Este martes, 16 de mayo, se cumplieron 119 años del nacimiento de Kenji Mizoguchi. Hace años (por lo menos siete u ocho) vi Cuentos de la luna pálida y El intendente Sansho, películas que me marcaron por su densidad anímica aunque ahora apenas recuerdo algunas escenas y ciertos diálogos. Para celebrar el nacimiento de Mizoguchi, quise ver una de sus películas. Cuando conseguí Oharu (1952), me emocioné.

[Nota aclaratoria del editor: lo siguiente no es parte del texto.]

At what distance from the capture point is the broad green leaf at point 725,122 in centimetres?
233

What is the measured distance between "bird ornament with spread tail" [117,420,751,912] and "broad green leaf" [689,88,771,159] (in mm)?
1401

Empezó. Música de tonos agudos, una geisha a la que tardamos en verle el rostro. Ella camina entre una zona derruida. Se reúne con otras geishas ante un fuego que las calienta. Hablan. No hay subtítulos. Procuro fijarme, entonces, en los gestos. En cómo esta geisha que veníamos siguiendo acerca sus manos al fuego, se calienta el rostro con las manos y luego se da vuelta para acerca su trasero a la pequeña fogata. Este gesto cercano me hace sonreír, pero también me da a entender que hace bastante frío. De pronto, un hombre les habla a unos metros. La geisha que centra mi atención (¿Oharu?) se retira. Luego se encuentra con un hombre con quien, entre un escarceo de miradas, hablan prolongadamente.
Mi atención se distrae, así que me rindo a seguir viendo la película sin subtítulos. Me quedo engañadamente satisfecho de que vi quince minutos de Oharu.